- [WORK ORDER]: Return the stretch from the line with "Size Medium Gray" through the line with "Gabriela Hearst - Pink" in the data below, character for character, skipping all pictures.
[PROVIDED DATA — start]
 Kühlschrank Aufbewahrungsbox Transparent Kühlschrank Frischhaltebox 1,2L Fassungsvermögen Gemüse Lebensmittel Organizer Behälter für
[PROVIDED DATA — finish]
[PROVIDED DATA — start]
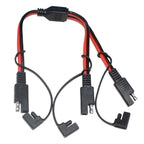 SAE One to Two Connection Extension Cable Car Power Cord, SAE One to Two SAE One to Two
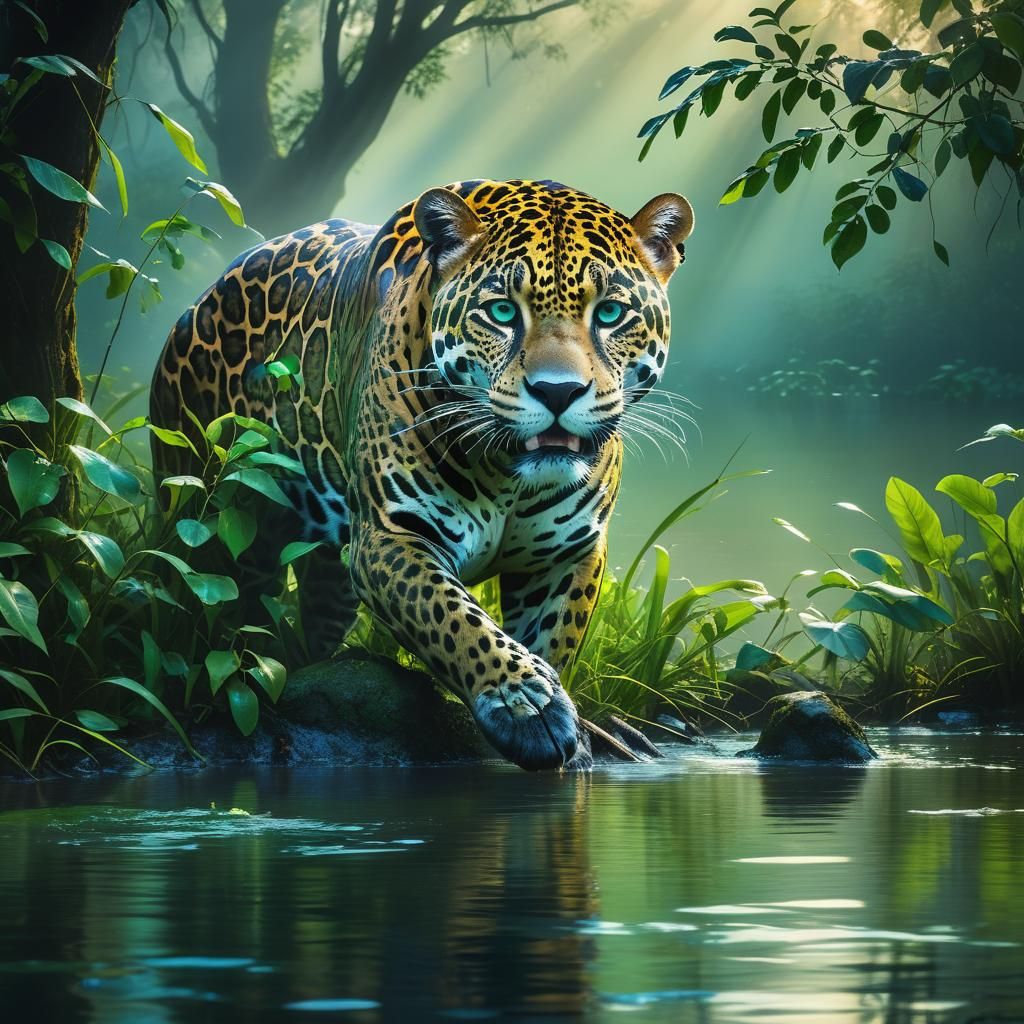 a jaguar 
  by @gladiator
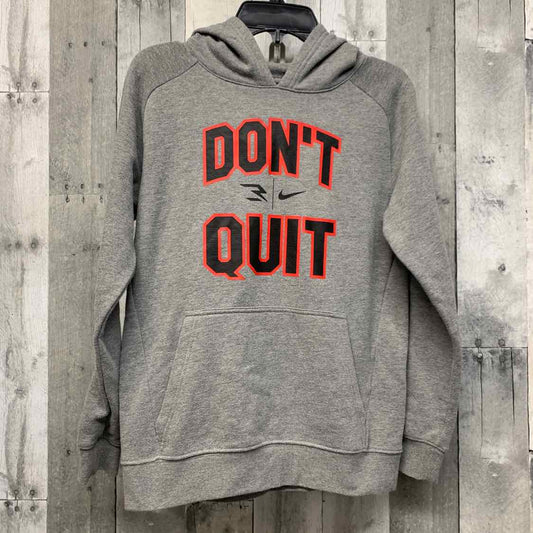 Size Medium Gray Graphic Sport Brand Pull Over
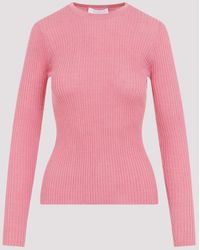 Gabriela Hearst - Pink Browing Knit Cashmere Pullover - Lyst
[PROVIDED DATA — finish]
[PROVIDED DATA — start]
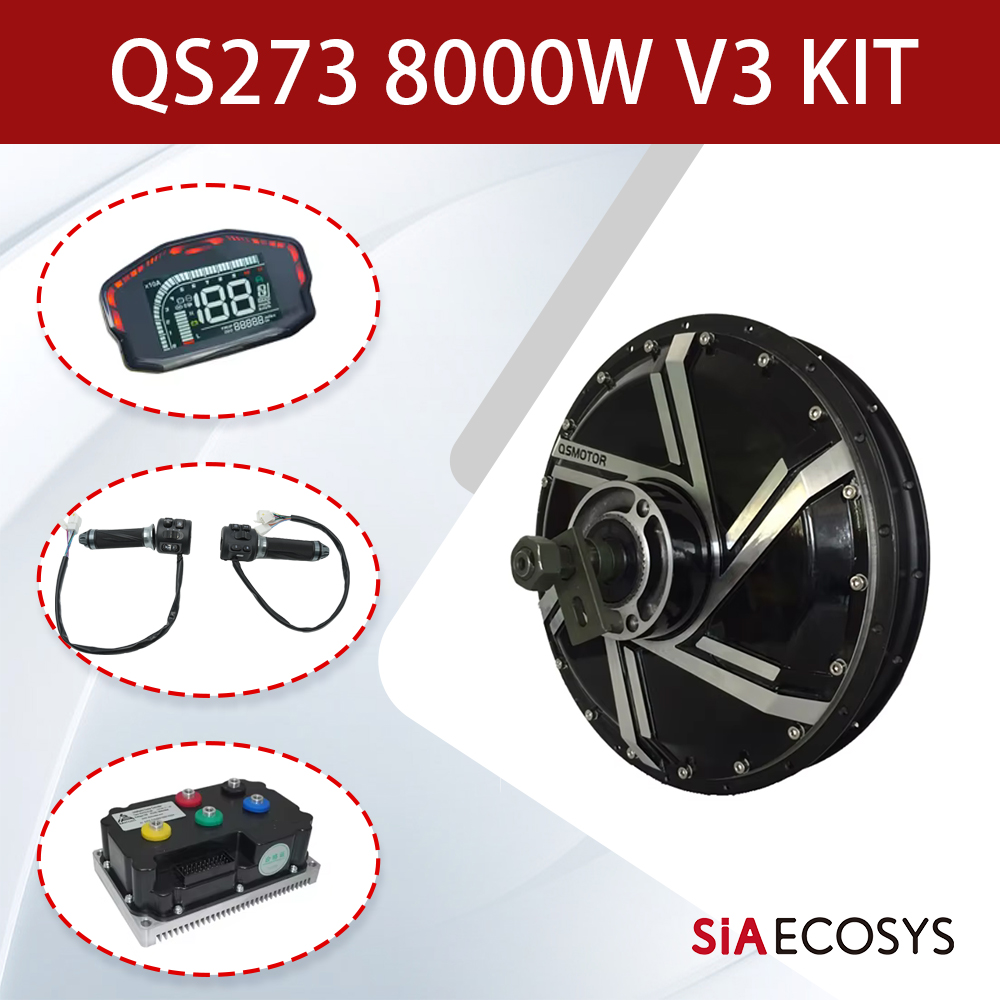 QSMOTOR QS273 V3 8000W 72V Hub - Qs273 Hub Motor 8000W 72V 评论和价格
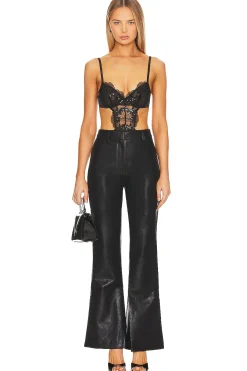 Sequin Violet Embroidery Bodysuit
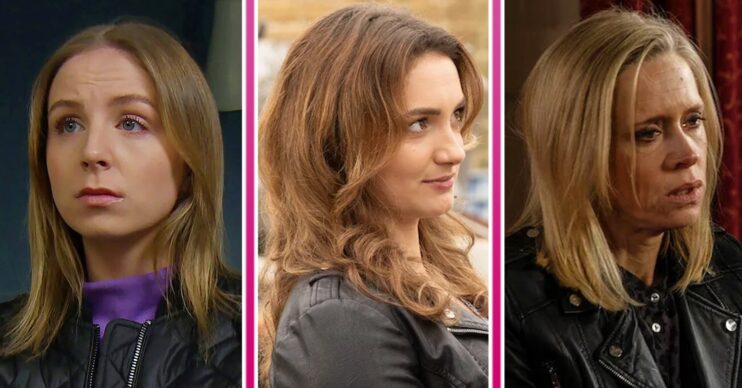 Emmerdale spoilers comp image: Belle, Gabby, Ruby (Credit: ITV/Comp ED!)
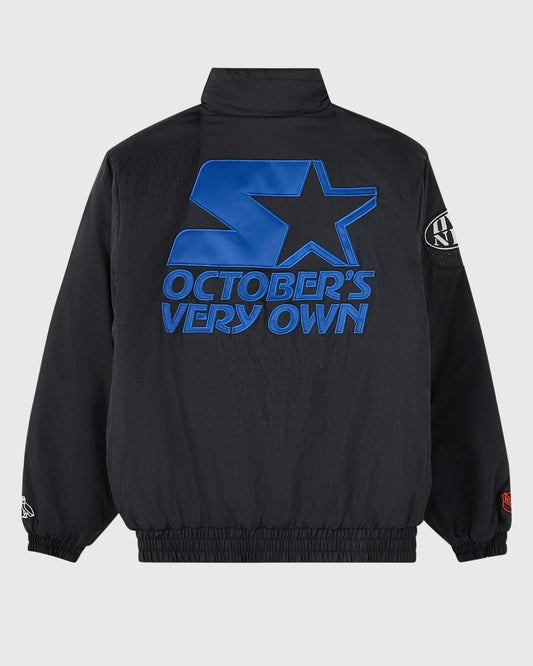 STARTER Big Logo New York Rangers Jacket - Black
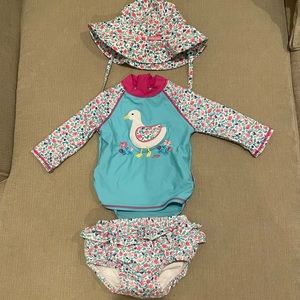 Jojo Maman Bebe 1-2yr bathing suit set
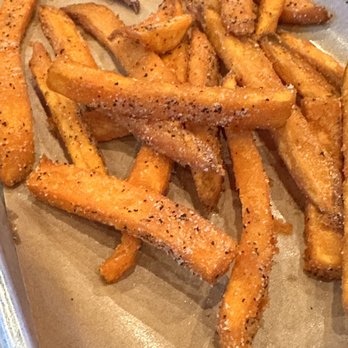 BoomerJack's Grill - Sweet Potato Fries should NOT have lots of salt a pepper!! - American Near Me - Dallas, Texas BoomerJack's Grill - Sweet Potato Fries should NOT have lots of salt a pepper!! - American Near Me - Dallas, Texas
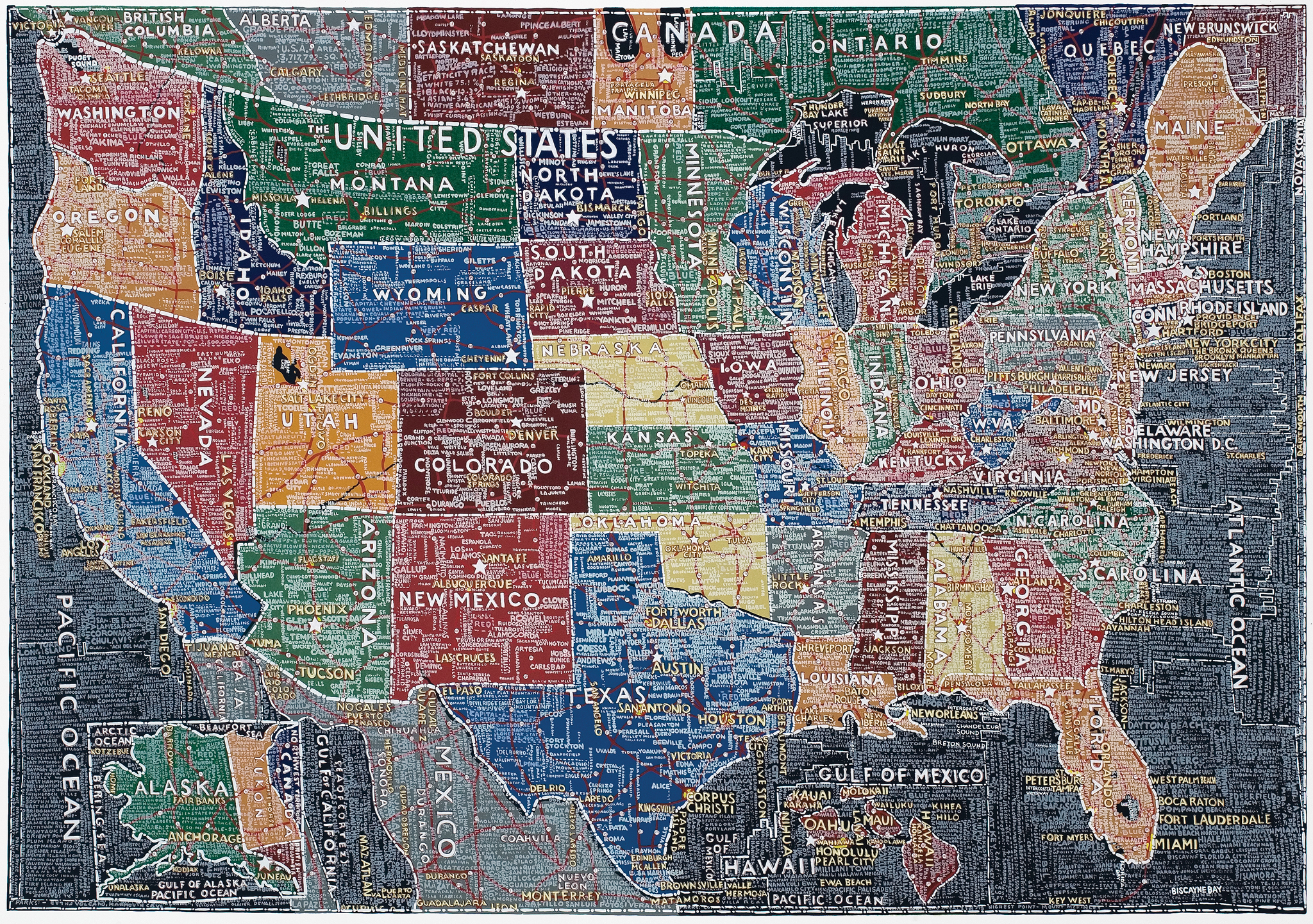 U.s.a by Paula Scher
[PROVIDED DATA — finish]
- [OUTPUT]:
 Size Medium Gray Graphic Sport Brand Pull Over
 Gabriela Hearst - Pink Browing Knit Cashmere Pullover - Lyst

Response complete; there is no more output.